As for “Precious,” its Oscar represented the night’s first surprise, with most trackers having pegged “Up in the Air” as the frontrunner, particularly since “Up in the Air” had triumphed two weeks ago at the WGA awards.
“Precious” was the first produced screenplay for Fletcher, who wrote more than a dozen scripts before “Precious” director Lee Daniels asked him to adapt Sapphire’s novel. It was an effort that won Fletcher plaudits for laying out an unsparing and forceful story about an abused Harlem teenager.
In his brief acceptance speech, Fletcher teared up several times. He opened by saying, “I don’t know what to say. This is for everybody who works on a dream every day — precious boys and girls everywhere.”
Fletcher thanked the “Precious” team, his parents and brothers before concluding, “I’m sorry I’m doing a blank right now but I thank you everyone.”

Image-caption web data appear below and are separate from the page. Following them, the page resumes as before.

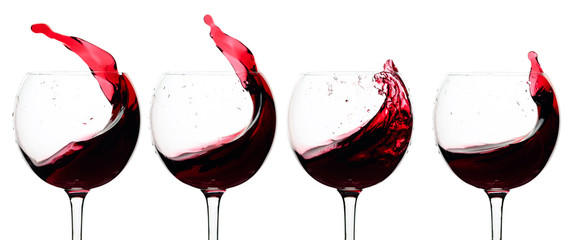 Splashes of red wine in a glasses isolated on  white.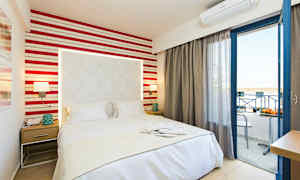 Hotellihuone, jossa sänky, yöpöytä ja avoin parvekkeen ovi. (Tekoälyn luoma teksti)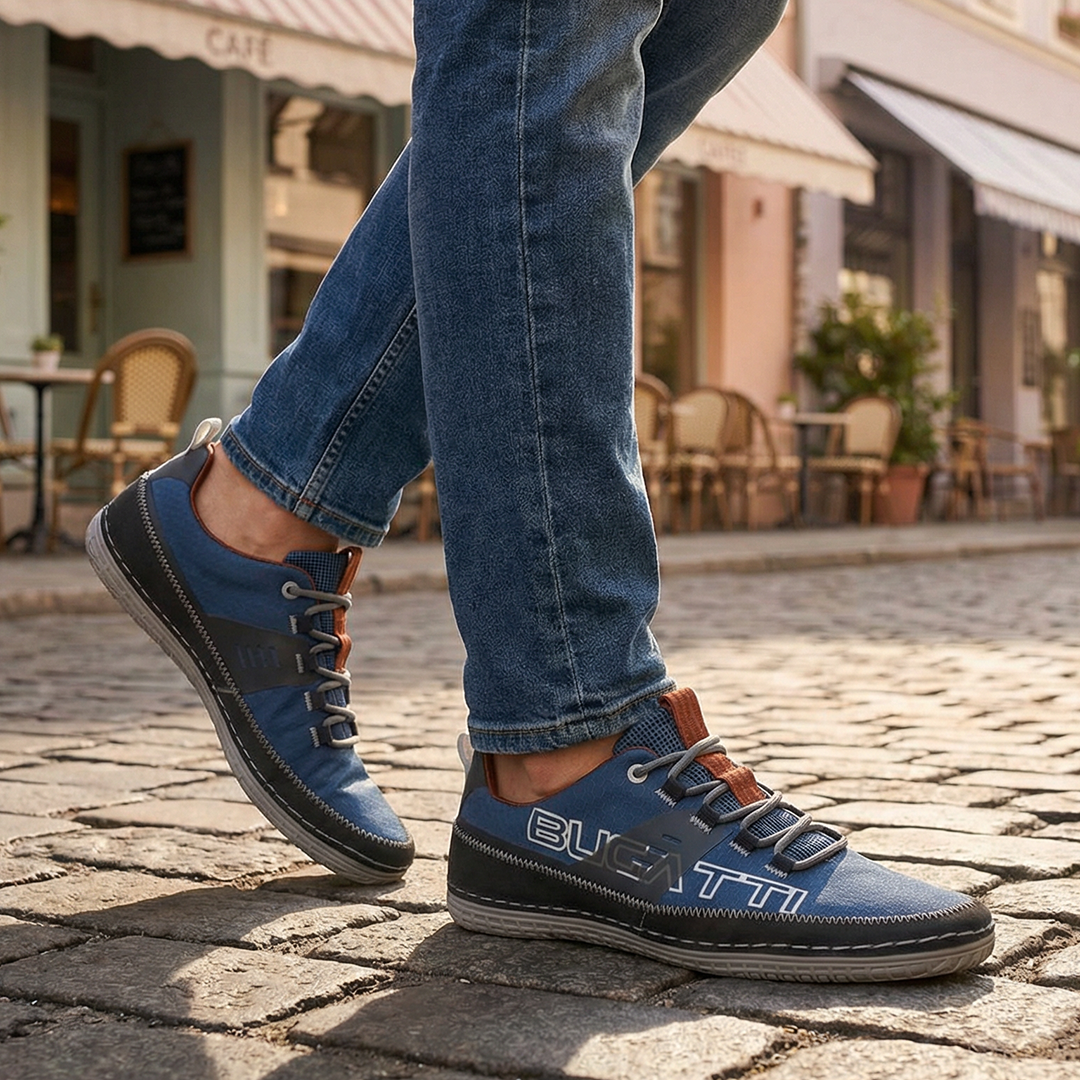 Lifestyle close-up of a person wearing blue denim jeans and bugatti Bimini blue low-top sneakers on a cobblestone street.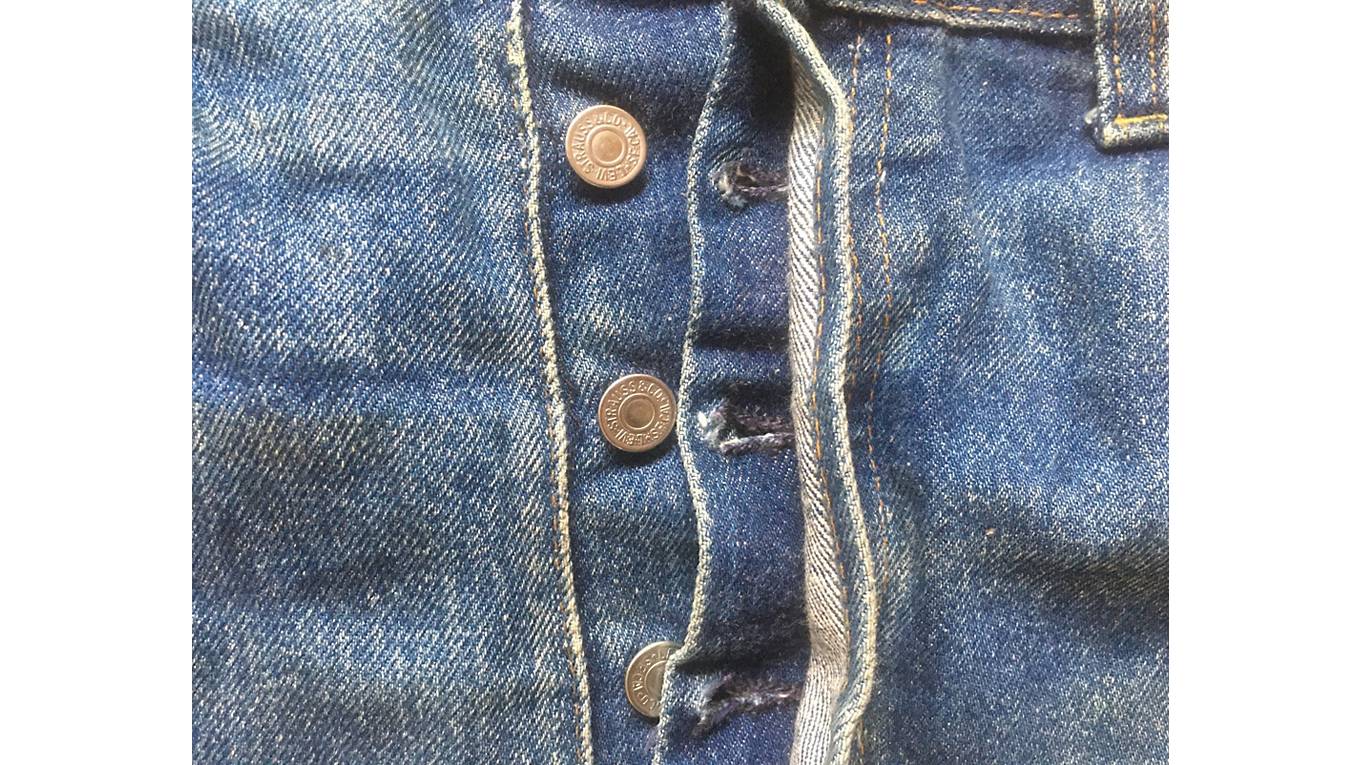 Close up image of the button fly on a pair of medium wash denim jeans.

Fletcher was only the third black screenwriter to be nominated in the adapted category, following Lonne Elder for “Sounder” in 1972 and Charles Fuller for “A Soldier’s Story.” Previous black nominees in the original screenplay category were Suzanne de Passe for “Lady Sings the Blues,” Spike Lee for “Do the Right thing” and John Singleton for “Boyz ‘N the Hood.”